As I wroAs graphics designers and prepress professionals always jungle with many different file formats, Adobe InDesign 1.5 can convert Quark X Press 3.3/4.0x files into the Adobe InDesign file format as well as Adobe PageMaker 6.5x to InDesign file format. Every InDesign composition can be exported into the EPS file format (to be edited later with Illustrator for example). The EPS file export feature allows you to define if you want or not to include fonts/pictures and you can select the Postscript level 1,2 or 3. But InDesign can also generate Adobe PDF files of every InDesign composition. It's great to enable users sharing their documents easily. InDesign 1.5 comes with an automated PDF export feature: specify the settings and automate the export by using PDF export styles.
If Adobe InDesign 1.5 supports CMYK, RVB, LAB colors it's not easy to use this color. Unlike in PhotoShop you have to create a new color when you want to use it : that is to say if you want to apply the green color to your text you must go in the color palette and click on create a new color and then select the percentage of CMYK to obtain the green you'd like to see. You cannot choose the color you want to use in a 'ready' to use palette. It's a painful method.
Adobe InDesign 1.5 offers some advanced printing features that allows to specify if the page layout should be adapt to the printer physical borders in order to have a full page printed and to avoid truncated items. So you can at least print a full page with a small reducing coefficient. However most of the advanced printing options can only be used with PostScript printers. Adobe seems to have forgotten that now with high quality and low costs inkjet printers many graphic designers and prepress professionals use inkjet printers that aren't PostScript ready. Note that print settings can now be saved as print styles in order to automate further printings.

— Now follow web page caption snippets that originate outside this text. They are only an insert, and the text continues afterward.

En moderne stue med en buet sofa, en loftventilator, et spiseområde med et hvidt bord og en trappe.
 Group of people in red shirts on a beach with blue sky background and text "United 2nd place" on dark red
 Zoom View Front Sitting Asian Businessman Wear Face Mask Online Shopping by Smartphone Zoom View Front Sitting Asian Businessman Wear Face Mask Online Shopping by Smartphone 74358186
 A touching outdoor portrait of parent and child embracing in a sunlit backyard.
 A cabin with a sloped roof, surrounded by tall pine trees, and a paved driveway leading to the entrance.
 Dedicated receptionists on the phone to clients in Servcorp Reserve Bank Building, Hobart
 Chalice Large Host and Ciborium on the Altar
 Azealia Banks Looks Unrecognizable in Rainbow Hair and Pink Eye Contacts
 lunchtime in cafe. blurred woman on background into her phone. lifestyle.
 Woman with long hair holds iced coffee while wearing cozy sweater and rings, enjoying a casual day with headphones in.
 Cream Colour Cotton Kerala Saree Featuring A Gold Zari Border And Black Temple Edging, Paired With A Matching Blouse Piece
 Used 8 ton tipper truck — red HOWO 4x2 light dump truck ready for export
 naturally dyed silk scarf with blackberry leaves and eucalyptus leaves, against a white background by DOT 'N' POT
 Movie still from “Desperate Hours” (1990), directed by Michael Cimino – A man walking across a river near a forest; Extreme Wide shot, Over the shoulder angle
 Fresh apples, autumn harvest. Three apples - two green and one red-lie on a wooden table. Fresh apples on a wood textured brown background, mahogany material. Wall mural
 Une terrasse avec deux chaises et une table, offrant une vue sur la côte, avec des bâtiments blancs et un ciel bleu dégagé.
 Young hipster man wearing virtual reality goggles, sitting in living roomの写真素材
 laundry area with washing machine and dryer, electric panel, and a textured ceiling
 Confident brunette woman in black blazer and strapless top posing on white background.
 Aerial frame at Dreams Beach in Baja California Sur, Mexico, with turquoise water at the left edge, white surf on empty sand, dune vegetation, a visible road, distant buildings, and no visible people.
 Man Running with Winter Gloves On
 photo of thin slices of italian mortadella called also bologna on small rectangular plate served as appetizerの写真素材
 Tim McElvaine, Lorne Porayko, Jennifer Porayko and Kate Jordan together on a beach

Adobe InDesign 1.5 can manage composition with many pages and you can navigate between all existing pages and sections in the pages palette where you'll get a small preview of each pages' settings. One of the new InDesign 1.5 features allows you to control the organization and look of the pages palette: choose whether pages display vertically or horizontally; specify whether the master-page or document-page section appears at the top of the palette, and whether each section expands or stays a fixed size; and set the icon size for page icons. Adobe also added an useful feature to jump directly into a specific page by selecting its page number from the bottom popup menu of InDesign, like in MS Publisher.
InDesign 1.5 offers the ability to export any documents in customized PDF or EPS file. It works great for PDF but unfortunately we can't say the same thing for the EPS export. Indeed when you export complex documents to the EPS file format you'll notice (when you'll open this file in Illustrator 8.0) that some characters are missing, some lines are truncated and new characters are added... According to Adobe the EPS export problems are due to Postscipt engine limitations that can be bypassed by imported EPS files as 'link'. That's right it works. But this point should be really enhanced. Finally it's a pity to see that InDesign documents cannot be exported as Photoshop files in order to facilitate files sharing.